> [Your instructions]: Where the line containing "52 Stewart Avenue, WARWICK" appears below, start there and repeat each line exactly to the end. Leave the pictures out.

> [Provided data]:
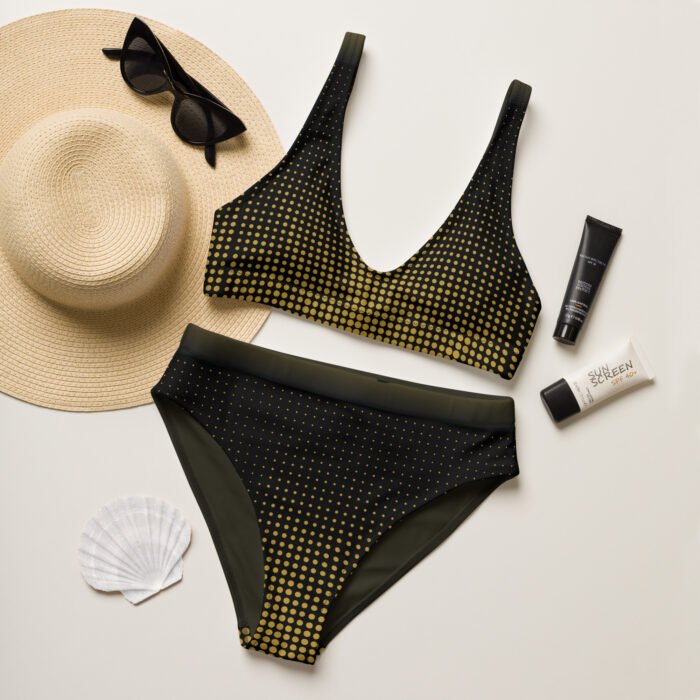 Moteriškas dviejų dalių maudymosi kostiumėlis, ilgaamžis ir stilingas  su tvirtu, dvigubu audiniu ir tampria medžiaga. Komfortas visą dieną.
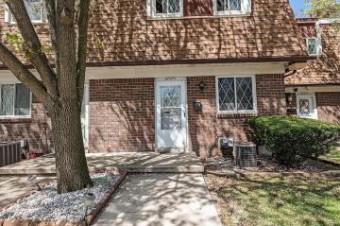 37077 E Aragona Drive Clinton Township, MI 48036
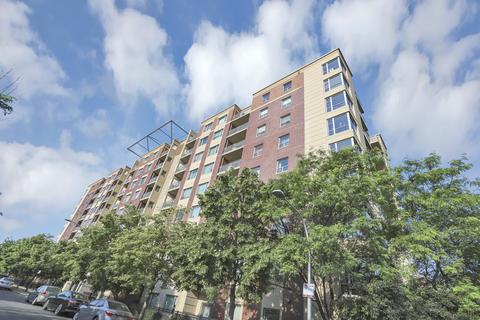 100 N Hermitage Ave #404, Chicago, IL 60612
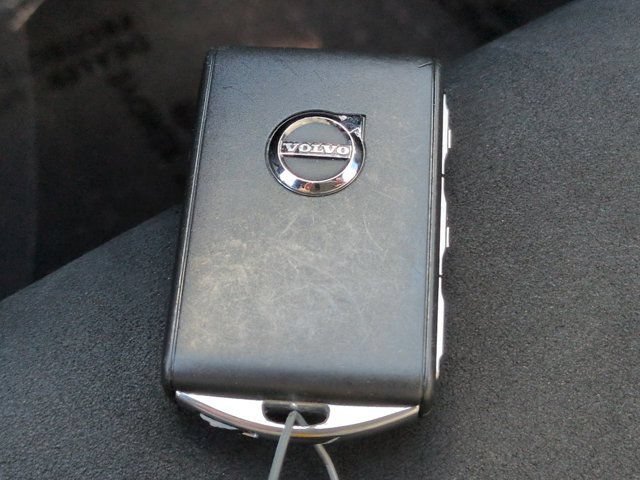 Used 2023 Volvo XC40 Recharge Ultimate w/ Protection Package Premier AWD/4WD image 29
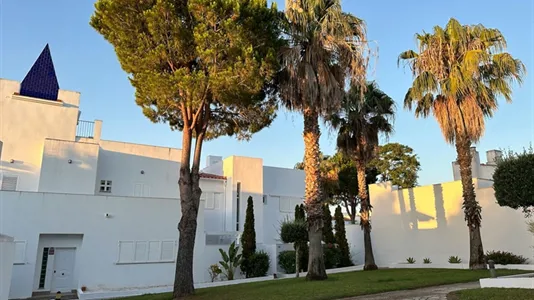 Houses in Chiclana de la Frontera - photo 3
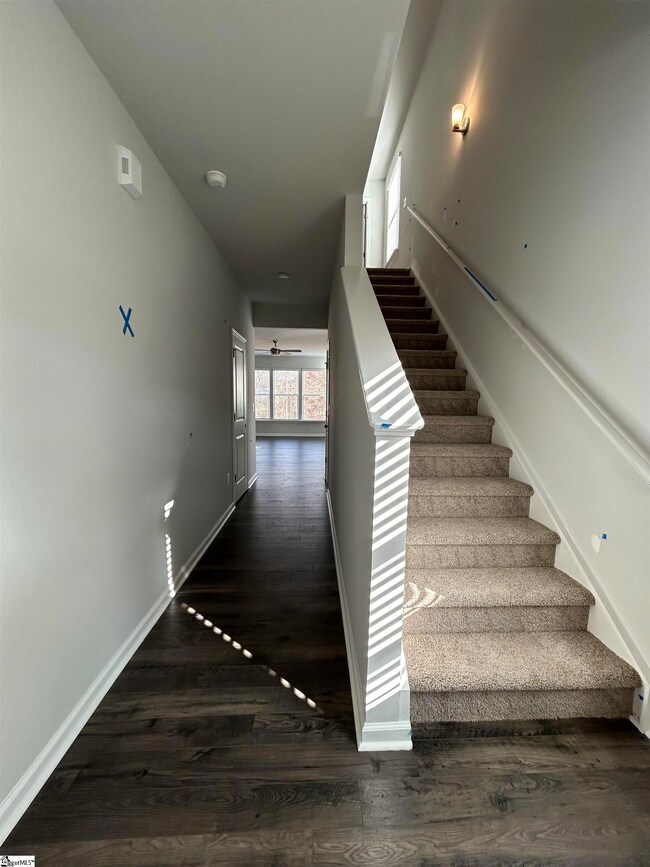 109 Gervais Cir, Greenville, SC 29607 - photo 5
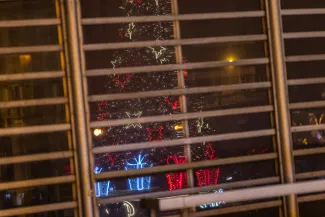 na zdjęciu ozdobione miasto i osoby podczas rozświetlenia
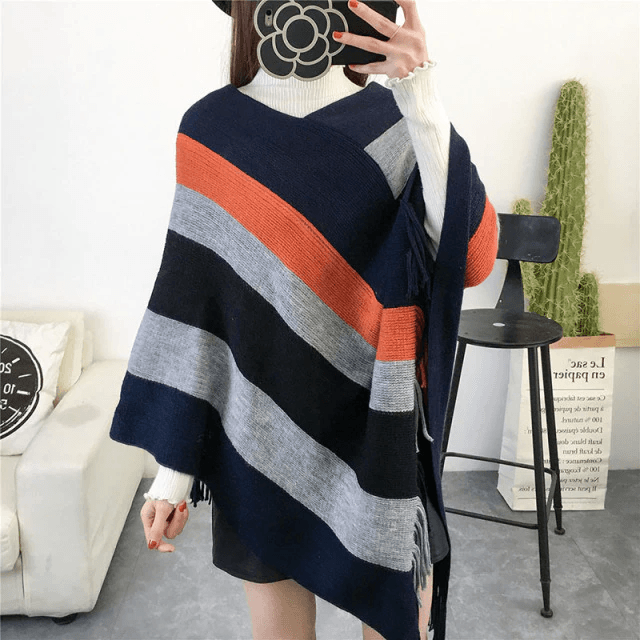 Warmer gestreifter Damen-Poncho
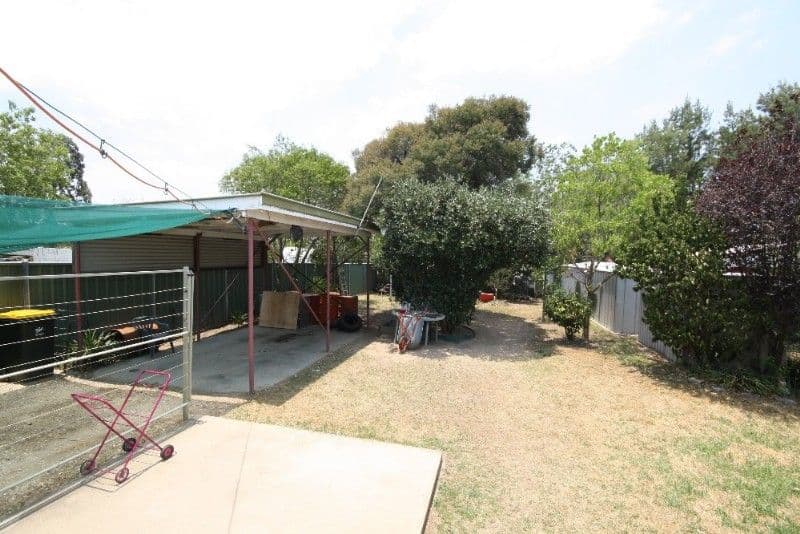 52 Stewart Avenue, WARWICK QLD 4370, Warwick - Thumbnail 2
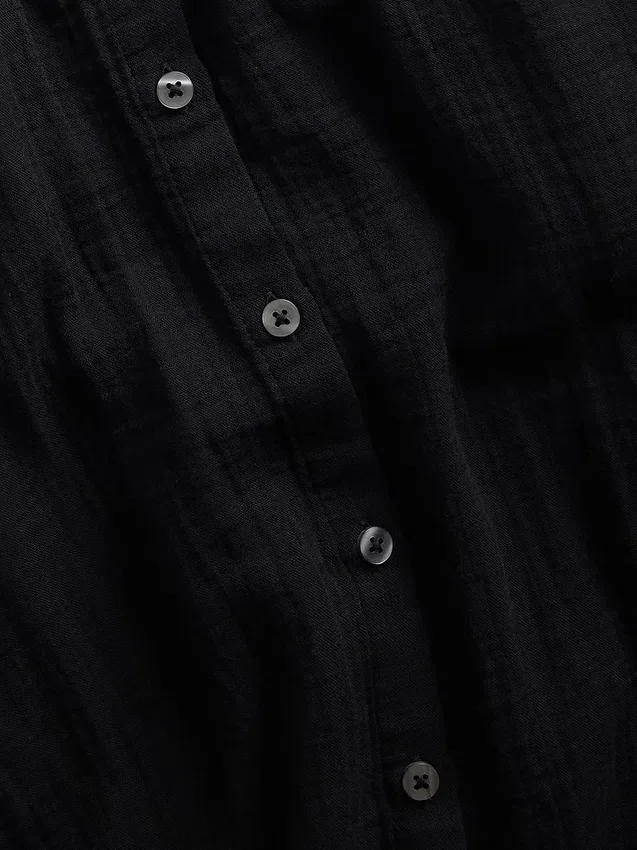 Mini-robe boutonnée sur le devant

> [Reply to the exercise]:
 52 Stewart Avenue, WARWICK QLD 4370, Warwick - Thumbnail 2
 Mini-robe boutonnée sur le devant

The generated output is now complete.